EVIL DEAD RISE
FILM REVIEW: EVIL DEAD RISE
Release Date: 21st April 2023
Directed by: Lee Cronin
Cast: Lily Sullivan, Alyssa Sutherland, Morgan Davies, Gabrielle Echols
Written by: Lee Cronin
Cinematography: Dave Garbett
``a pretty effective horror, but not a great Evil Dead Movie``
Irish writer/director Lee Cronin is handed the keys to Sam Raimi’s 1973 Oldsmobile for this reboot of the much-loved Evil Dead series.
Guitar tech Beth (Lily Sullivan) returns to LA following a lengthy world tour which has left her unexpectedly and slightly pregnant. She visits sister Ellie (Alyssa Sutherland) and her three children of varying appeal. A sudden earthquake rocks the run-down apartment building, exposing a vault hidden beneath the basement car park. The vault contains lots of creepy things, such as the crypt of a monk holding the Necronomicon Ex-Mortis (or the Book of The Dead to you). In the first of many staggering examples of Darwinian idiocy, the epically-annoying middle child Danny (Morgan Davies) climbs down into the vault, takes the book and some recordings from 1923. Soon enough, Ellie is vomiting gallons of white stuff, and all hell breaks loose.

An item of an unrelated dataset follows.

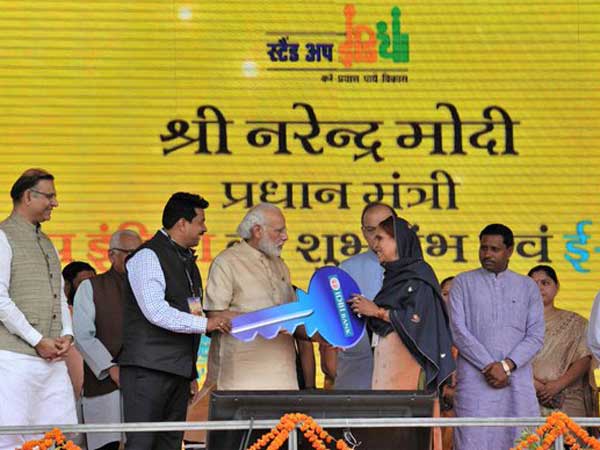 ರಿಕ್ಷಾ ಏರಿದ ಪ್ರಧಾನಿ ಮೋದಿ; ಓಲಾ ಇ-ರಿಕ್ಷಾಗಳಿಗೆ ಚಾಲನೆ 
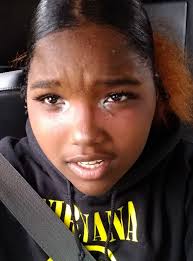 Carolina Estes's Instagram, Twitter & Facebook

Evil Dead Rise is a pretty effective horror, but it’s not a great Evil Dead movie. Cronin is to be commended for at least trying something new and not slavishly following all of the tropes established by Raimi’s original trilogy. But this movie moves so far away from that world that the title seems almost deceitful. Apart from a prologue and epilogue set in a creepy cabin in the woods, Evil Dead Rise moves the action from the traditional remote rural location to an urban apartment block, with mixed results. I would not be surprised if Evil Dead Rise started out as a project not related to the Evil Dead at all.
The gore is pleasantly relentless, although some of the post-possession lines of dialogue are infinitely creepier than any of the actual bloodshed (of which there is literally gallons). Cronin pays tribute to what has gone before (oh look, a chainsaw) by replicating some of Evil Dead’s trademark shots, such as the sped-up shaky cam. There are at least two impressive segments, including a thrilling climax and a massacre seen through a fisheye peephole. And you will never be able to look at a cheese grater in the same way again.

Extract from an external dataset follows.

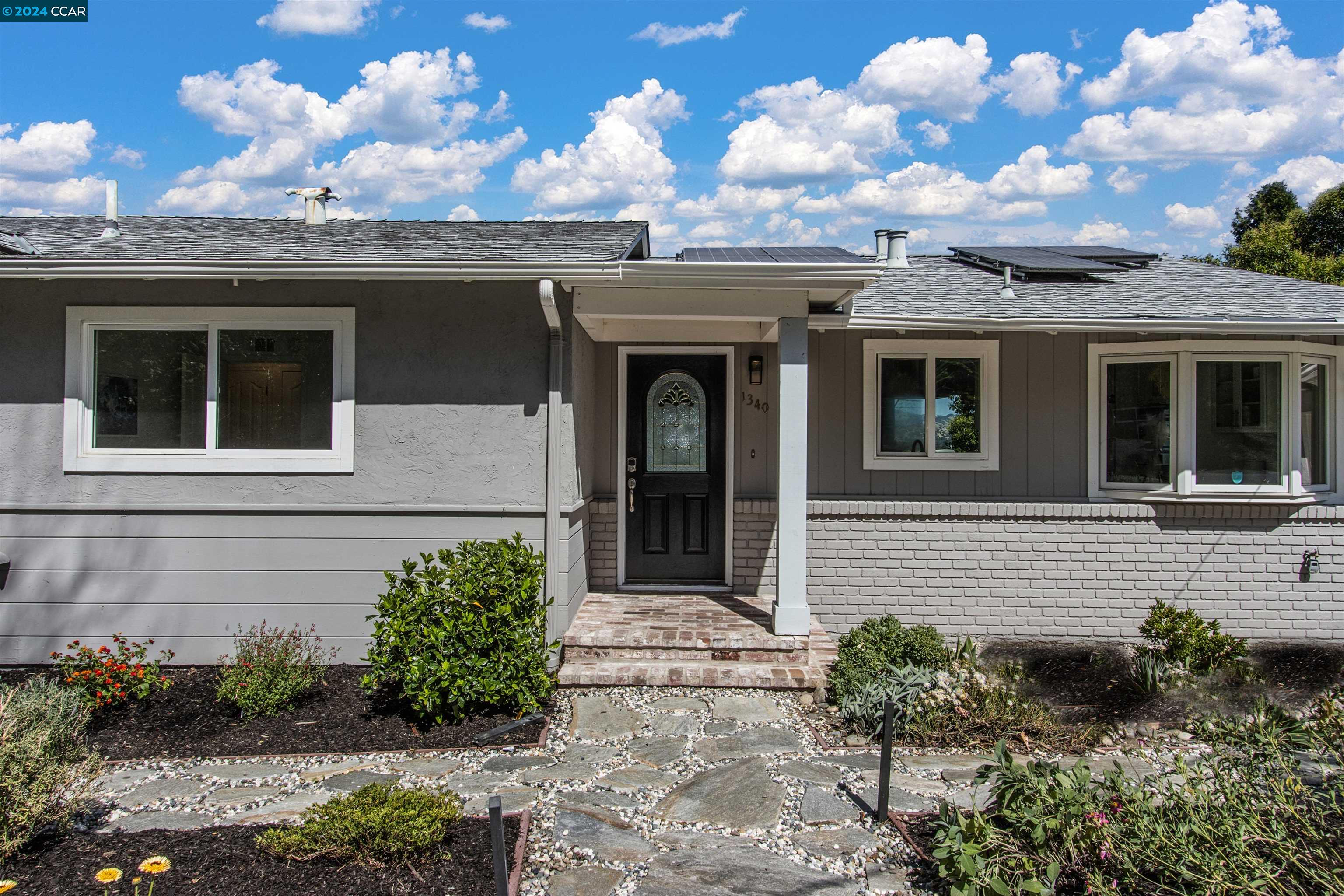 1340 Juanita Drive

Evil Dead Rise is ultimately let down by two things; a lack of wit, and a poor cast. Sadly, this has more in common with Fede Alvarez’s 2013 remake than Raimi’s tongue-in-cheek anarchy. The tone here is far more sombre and far less fun. And with the exception of Sullivan and the 10-year-old Nell Fisher, the standard of acting from the predominantly Australian cast ranges from ropey to downright annoying. Bruce Campbell’s charm and charisma is sorely missed. Raimi and Campbell are involved in executive producer capacity only (meaning they get paid, but that’s about it). Having said that, most characters are somewhat improved after becoming possessed, and there is an advantage to having such a profoundly irritating cast. You will probably look forward to watching them die painfully.

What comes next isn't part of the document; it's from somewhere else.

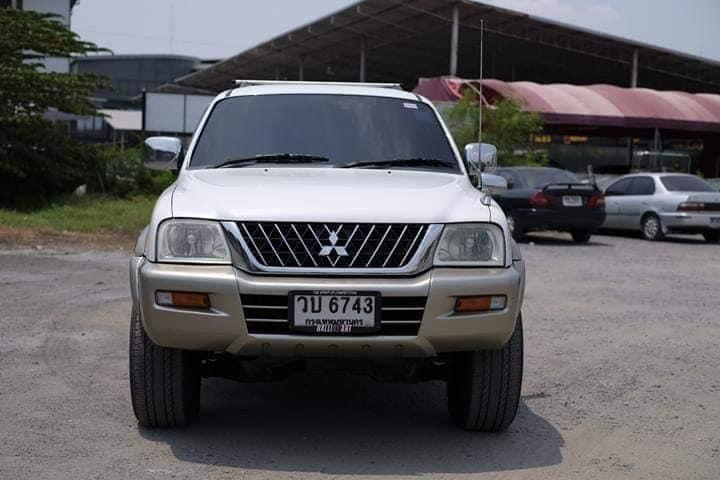 Mitsubishi Strada G-Wagon ปี 2002 สีขาว (รูปที่ 2)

Although this is Cronin’s first foray into franchise filmmaking, there is a thematic thread here that links back to his first feature. Where the terrifically creepy Hole in the Ground dealt with a mother’s horror in discovering that her child is not what they seem, here the roles are reversed, and it’s the children who find that their mother is the monster.
No doubt Cronin is capable of producing another great movie. But Evil Dead Rise is not it. The aforementioned bookends suggest a possible sequel, box office permitting, which is not an attractive proposition. It’s probably best to bury this franchise for at least another decade.